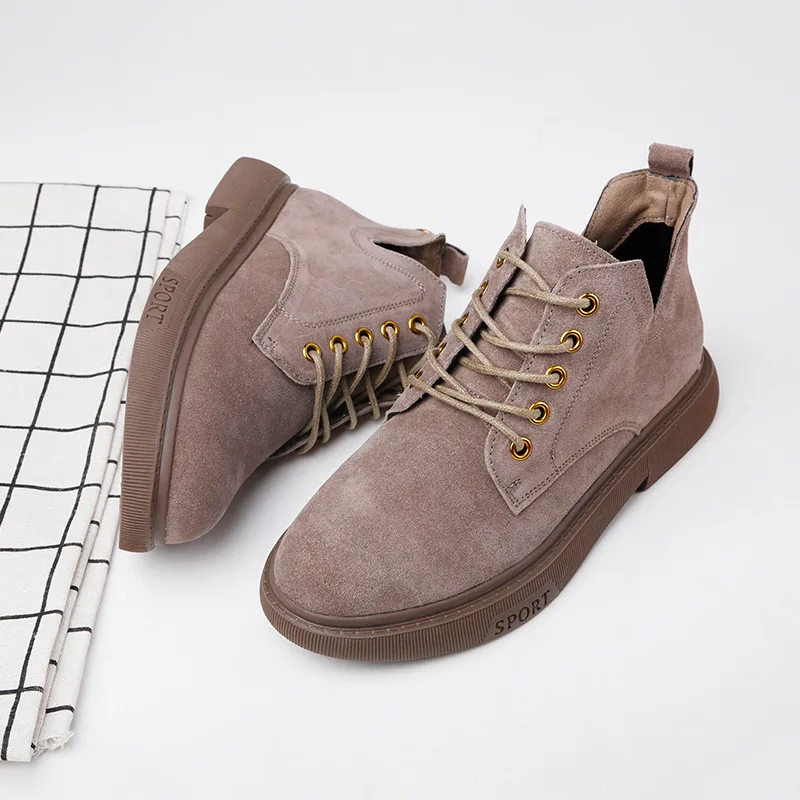 2018 autumn new fashion simple solid color Martin boots women trend retro style comfortable wild scrub casual boots.
2018 autumn new fashion simple solid color Martin boots women trend retro style comfortable wild scrub casual boots.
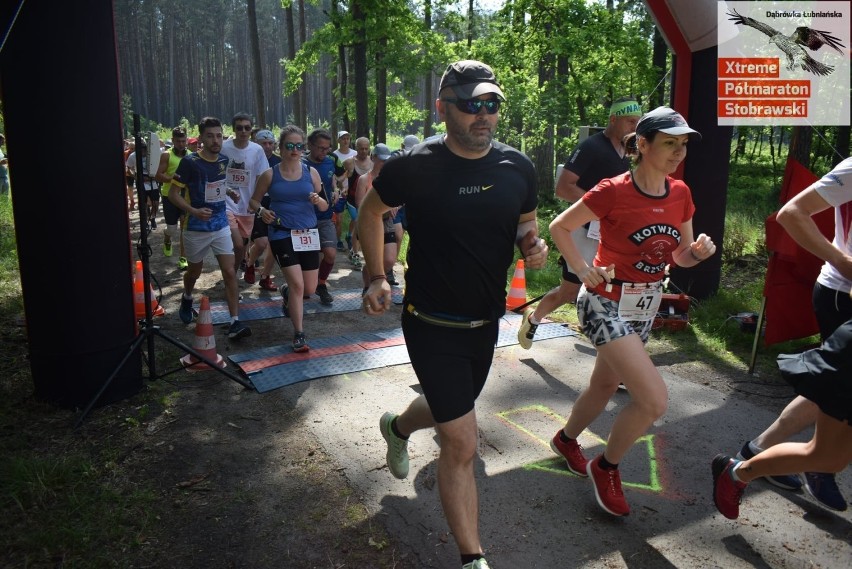 Xtream Półmaraton Stobrawski w Dąbrówce Łubniańskiej. Zobacz, jak biegacze radzili sobie na trasie [DUŻO ZDJĘĆ]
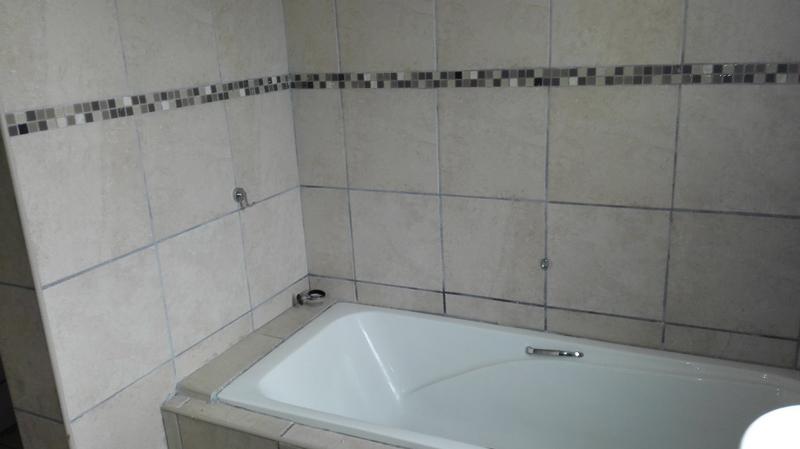 To Let 1 Bedroom Property for Rent in Gelvandale Eastern Cape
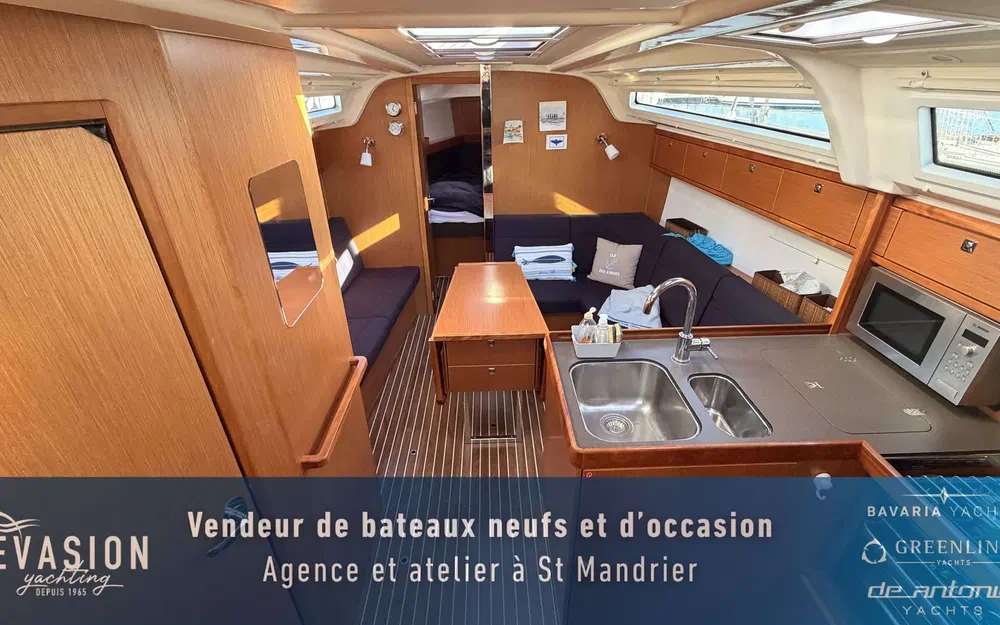 slider 9 Bavaria Cruiser 37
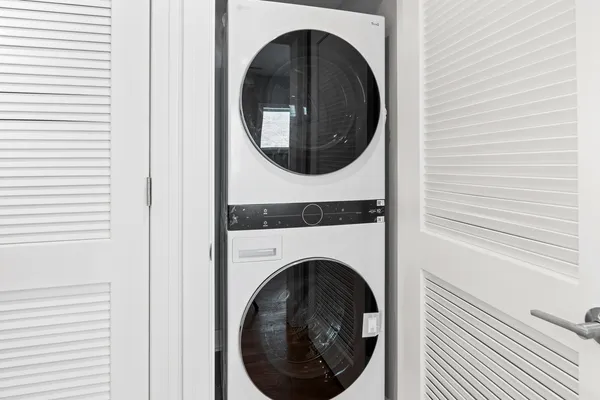 $4,035 | 935 West Winona Street, Unit 1N, Chicago, IL 60640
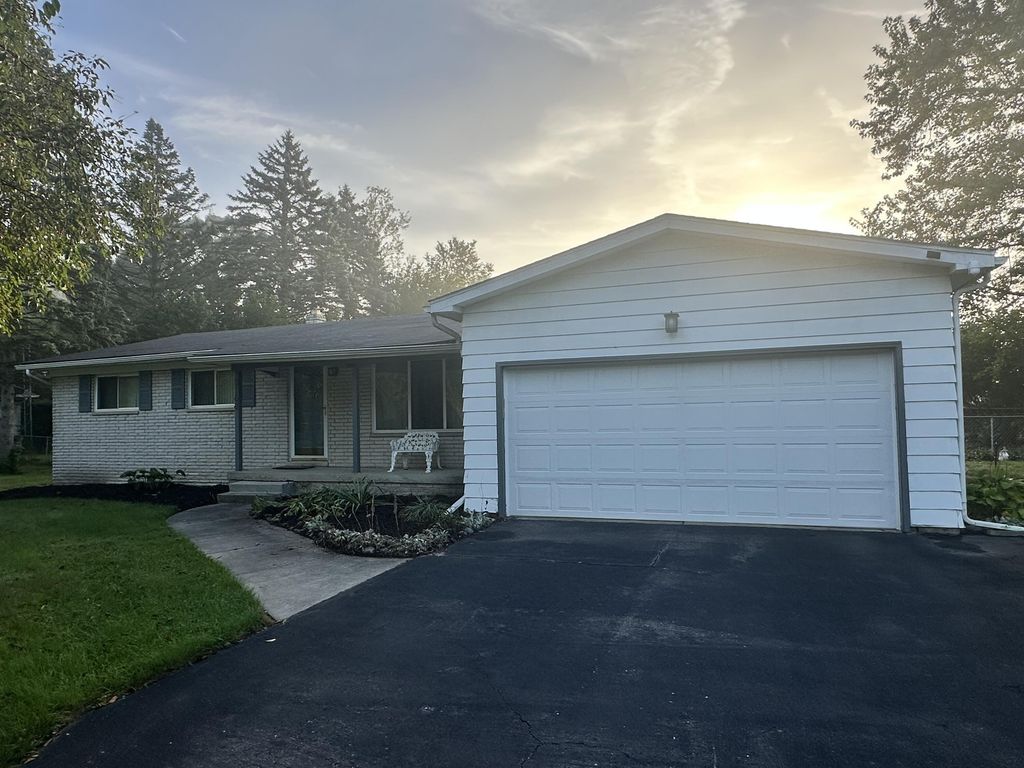 5168 Woodcliff Drive, Flint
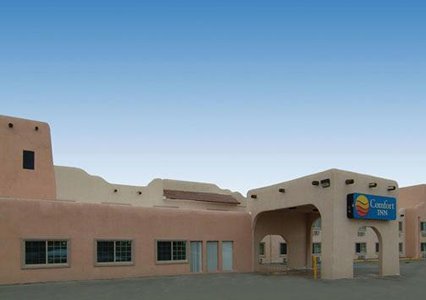 Comfort Inn Gallup 01.[1]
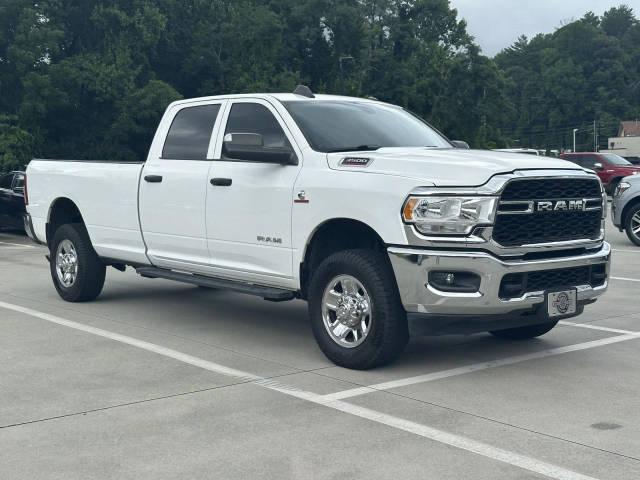 2022 Ram 3500 Tradesman 4WD photo
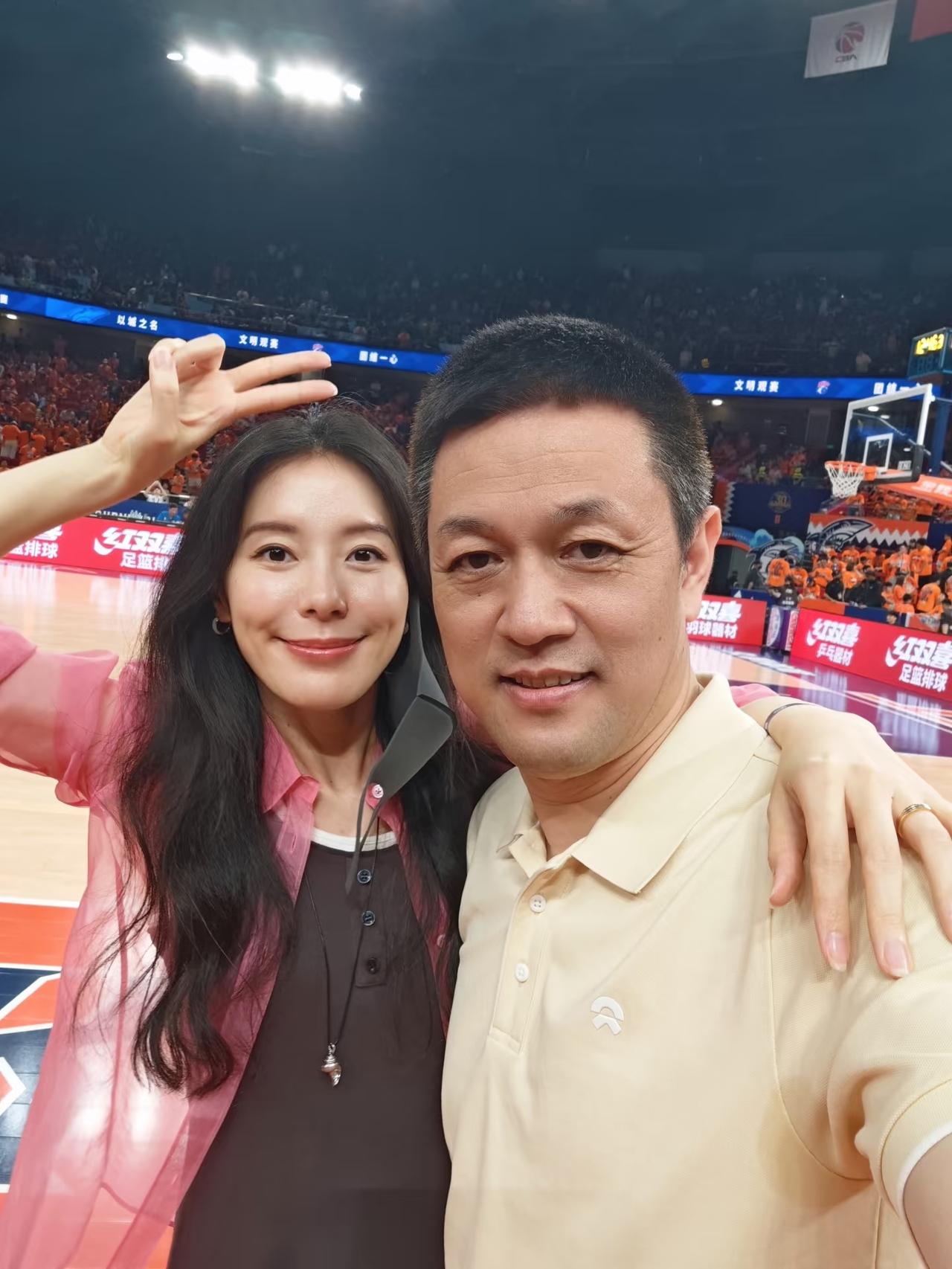 夫妻俩看球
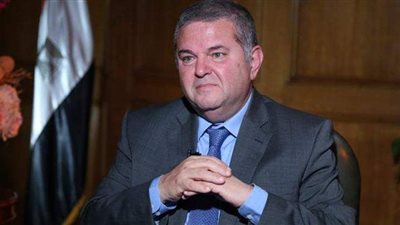 هشام توفيق:  انتاج أول سيارة كهربائية  العام المقبل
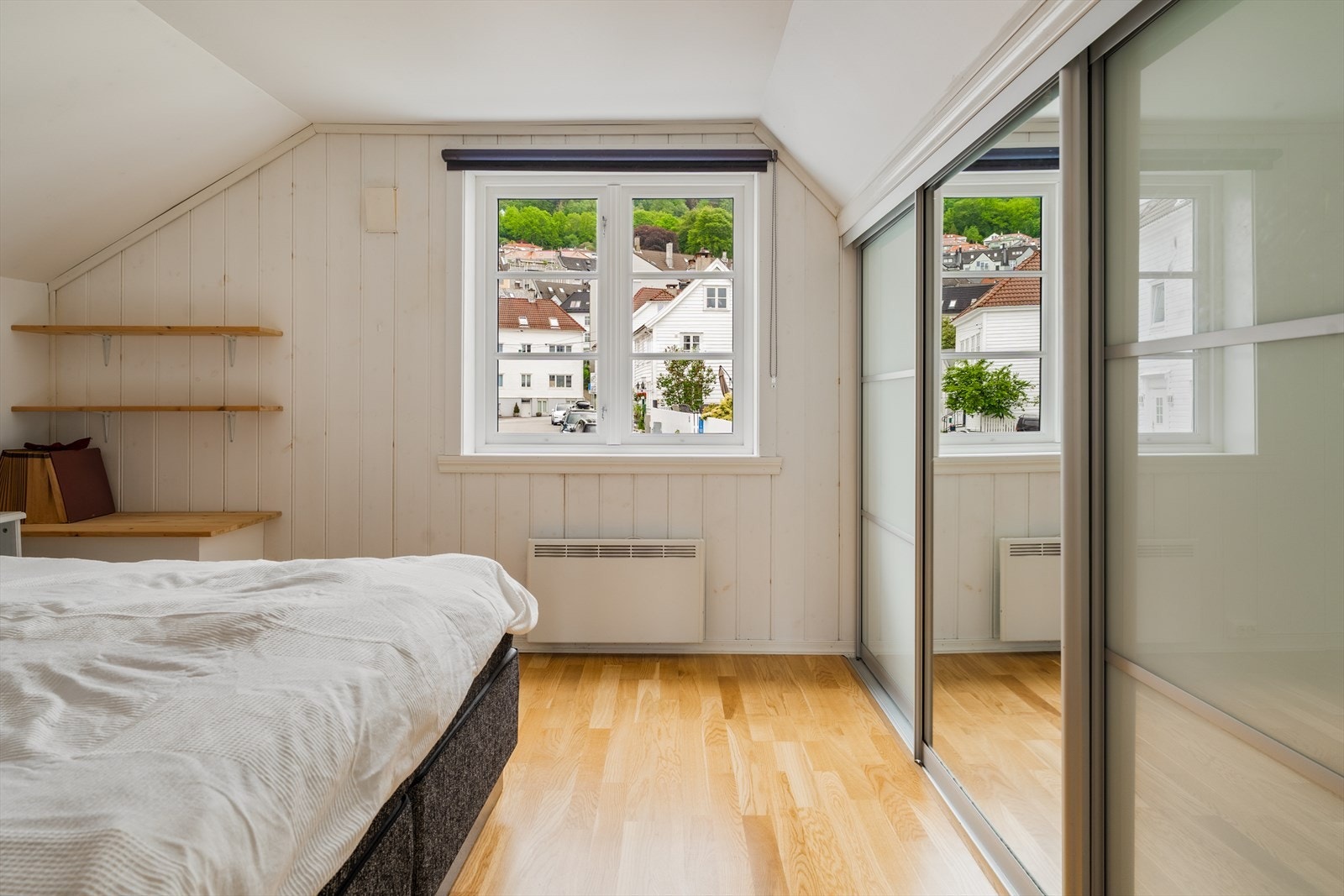 Her er det god plass til dobbeltseng og øvrig møblement, samtidig som rommet har en rolig atmosfære som innbyr til hvile og avslapning. Galleribilde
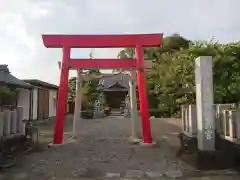 おちょぼ稲荷故里の宮の鳥居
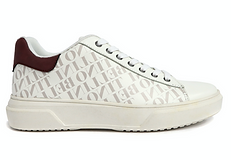 Lace UP.png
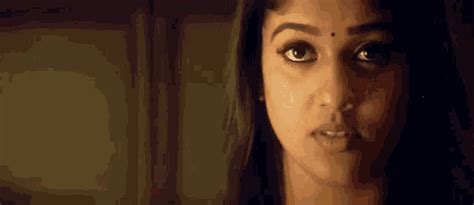 Nayanthara Hot In Vallavan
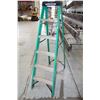 Image 1 : WERNER 6FT FIBERGLASS STEP LADDER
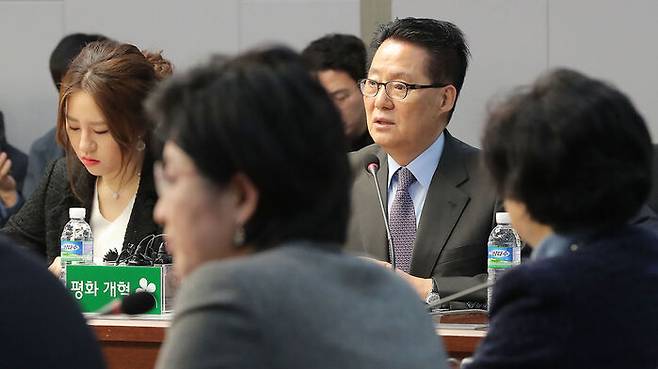 조성은 전 미래통합당 선거대책위원회 부위원장(왼쪽)과 박지원 국가정보원장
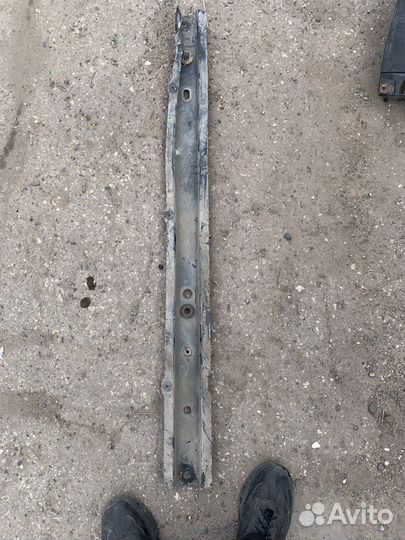 Планка крепления радиатора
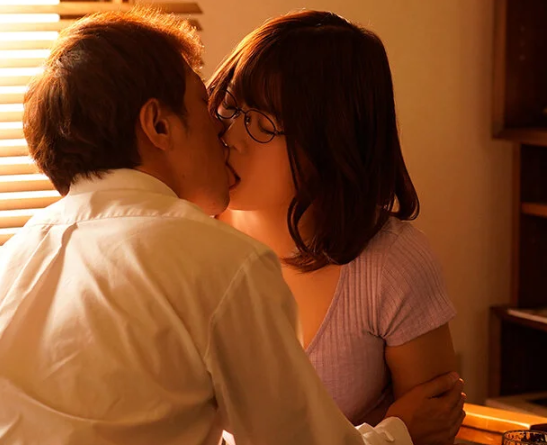 娘の彼氏だと頭では理解しながらも『チ●ポ挿れて下さい…♡』身体は快楽を求めてしまい1匹のメスとして快楽をおねだり！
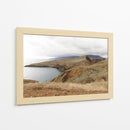 Acantilados Áridos con Vista al Mar - Wandering Pixels Co. | Cuadro decorativo de Canvas Lab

____

[TASK DETAILS]
Everything in the listing above is to be given again exactly, apart from the pictures.

[EXPECTED ANSWER]
 2018 autumn new fashion simple solid color Martin boots women trend retro style comfortable wild scrub casual boots.
2018 autumn new fashion simple solid color Martin boots women trend retro style comfortable wild scrub casual boots.
 Xtream Półmaraton Stobrawski w Dąbrówce Łubniańskiej. Zobacz, jak biegacze radzili sobie na trasie [DUŻO ZDJĘĆ]
 To Let 1 Bedroom Property for Rent in Gelvandale Eastern Cape
 slider 9 Bavaria Cruiser 37
 $4,035 | 935 West Winona Street, Unit 1N, Chicago, IL 60640
 5168 Woodcliff Drive, Flint
 Comfort Inn Gallup 01.[1]
 2022 Ram 3500 Tradesman 4WD photo
 夫妻俩看球
 هشام توفيق:  انتاج أول سيارة كهربائية  العام المقبل
 Her er det god plass til dobbeltseng og øvrig møblement, samtidig som rommet har en rolig atmosfære som innbyr til hvile og avslapning. Galleribilde
 おちょぼ稲荷故里の宮の鳥居
 Lace UP.png
 Nayanthara Hot In Vallavan
 Image 1 : WERNER 6FT FIBERGLASS STEP LADDER
 조성은 전 미래통합당 선거대책위원회 부위원장(왼쪽)과 박지원 국가정보원장
 Планка крепления радиатора
 娘の彼氏だと頭では理解しながらも『チ●ポ挿れて下さい…♡』身体は快楽を求めてしまい1匹のメスとして快楽をおねだり！
 Acantilados Áridos con Vista al Mar - Wandering Pixels Co. | Cuadro decorativo de Canvas Lab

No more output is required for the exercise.